Therapy for retirees
A recent article in the Washington Post featured residents of a nursing home in the Netherlands who are learning physical therapy from a 22-inch humanoid robot that can move, speak and dance.
The robot Zora “demonstrates different exercises which the residents try to mimic.”
The chief executive director of the nursing home, Tinie Kardol, says, “One resident hadn’t spoken for four months. The staff used the robot to address her by name and ask how she was doing.”
“I’m well,” she blurted out, surprising everyone in attendance. They then carried on a brief conversation.
Maybe she had nothing new to say in four months. After a while conversations between old people are robotic, and everyday routines become monotonous.
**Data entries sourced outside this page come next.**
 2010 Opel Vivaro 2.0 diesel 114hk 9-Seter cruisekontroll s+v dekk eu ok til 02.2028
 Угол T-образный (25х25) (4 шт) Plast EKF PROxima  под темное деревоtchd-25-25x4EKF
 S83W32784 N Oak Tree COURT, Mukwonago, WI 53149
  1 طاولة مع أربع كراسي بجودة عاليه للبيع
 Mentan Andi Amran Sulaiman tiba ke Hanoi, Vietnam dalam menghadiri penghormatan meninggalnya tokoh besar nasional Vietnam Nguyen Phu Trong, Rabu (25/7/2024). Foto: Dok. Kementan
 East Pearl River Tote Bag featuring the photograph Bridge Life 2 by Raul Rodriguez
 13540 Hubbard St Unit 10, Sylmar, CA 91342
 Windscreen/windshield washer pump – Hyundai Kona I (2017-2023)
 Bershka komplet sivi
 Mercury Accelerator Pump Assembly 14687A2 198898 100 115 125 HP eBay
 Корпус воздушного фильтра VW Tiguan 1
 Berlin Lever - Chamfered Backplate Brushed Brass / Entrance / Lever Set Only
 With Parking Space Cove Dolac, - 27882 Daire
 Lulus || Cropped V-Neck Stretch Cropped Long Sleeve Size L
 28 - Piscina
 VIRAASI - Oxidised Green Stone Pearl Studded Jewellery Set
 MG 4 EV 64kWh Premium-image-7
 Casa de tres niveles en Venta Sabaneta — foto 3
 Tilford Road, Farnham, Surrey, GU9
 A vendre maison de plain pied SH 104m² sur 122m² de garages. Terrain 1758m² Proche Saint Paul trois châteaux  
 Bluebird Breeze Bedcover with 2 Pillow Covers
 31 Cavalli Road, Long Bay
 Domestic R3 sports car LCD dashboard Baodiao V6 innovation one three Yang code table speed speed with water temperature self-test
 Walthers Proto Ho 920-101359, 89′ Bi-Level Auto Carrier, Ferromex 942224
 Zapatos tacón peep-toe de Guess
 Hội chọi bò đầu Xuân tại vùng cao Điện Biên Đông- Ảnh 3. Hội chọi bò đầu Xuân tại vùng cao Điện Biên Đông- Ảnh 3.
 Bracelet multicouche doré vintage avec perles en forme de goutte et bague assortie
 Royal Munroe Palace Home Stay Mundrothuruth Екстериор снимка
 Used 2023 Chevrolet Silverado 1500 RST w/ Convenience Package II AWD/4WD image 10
Traveling to a foreign country can break up the monotony of life. Ray and I were the only two Americans we saw in Las Palmas de Gran Canaria, so we had to combine our Spanglish to navigate the grocery store, the bus station, and the menus in restaurants.
It was difficult to eat lunch at 3 p.m. and dinner at 9 even if you eat a bigger meal earlier in the day. We loved going to the corner patisserie for croissants and to the markets to buy manchego cheese. But we walked so much more than we normally do. The app on his phone said we averaged 16,000 steps a day.
While in Spain very few of the television channels were in Spanish so my husband and I spent many nights listening to music and drinking Rioja. (Five euros for a lovely vino tinto.) Our host had a CD player in the flat and we discovered Brazilian artist Marisa Monte and the CD “Ainda Bem.” I downloaded the song “O Que Voce Quer Saber de Verdade” on iTunes.
I asked my Brazilian friend Cris who lives in Rio de Janeiro to translate the song title. “Someone is wondering what the other one wants to know. The expression ‘de verdade’ means for real. Many people don’t ask what they really want to know.”
I hope robots don’t become a fixture in nursing homes. What we really want is people to talk to. We need people who listen to us even if we repeat ourselves.